Mr. SIRES. Mr. Speaker, I would like to send my best wishes to President Ma Ying-jeou and the people of the Republic of China (Taiwan) on their National Day this October 10th.
In the last four and a half years President Ma, along with other national leaders, has helped Taiwan's economy thrive. President Ma took a number of helpful steps to take Taiwan out of an economic slump, including guaranteeing bank deposits, lowering interest rates, distributing shopping vouchers and investing in domestic infrastructure. As a result, Taiwan's economy has been rapidly improving, alleviating the problems of unemployment and poverty.
President Ma has also excelled on promoting foreign policy. Apart from the signing of the mutually beneficial Economic Cooperation Framework Agreement (ECFA) with mainland China in 2010, President Ma's government is currently negotiating economic cooperation agreements with the governments of Singapore and New Zealand and paving the way for Taiwan to become a member of the multilateral Trans-Pacific Partnership.

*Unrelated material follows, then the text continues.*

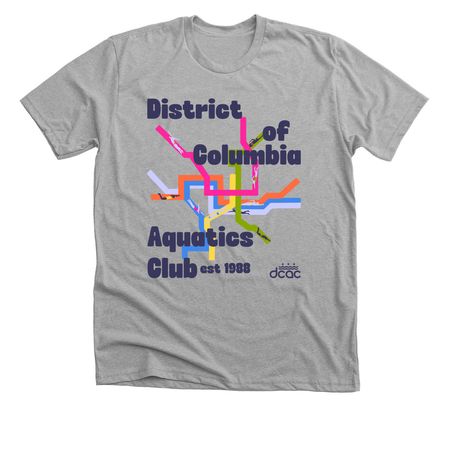 DC Metro Pride 2026, a Athletic Heather Premium Unisex Tee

President Ma has also significantly reduced tensions in the Taiwan Strait by pursuing a policy of diplomatic truce with the mainland and has ended the dangerous cycle of diplomatic warfare between the two sides.
Taiwan is currently enjoying a robust relationship with the United States. U.S.-Taiwan ties have been the most amicable in 30 years. Communication between our two countries is smooth and friendly. Much of this is due to the capable stewardship of Taiwan's top diplomat in the United States: Representative Jason Yuan. Yuan is a seasoned diplomat and has been working very hard to promote an open discussion between Taiwan and Congress on Capitol Hill.
Again, congratulations to the Republic of China on its National Day.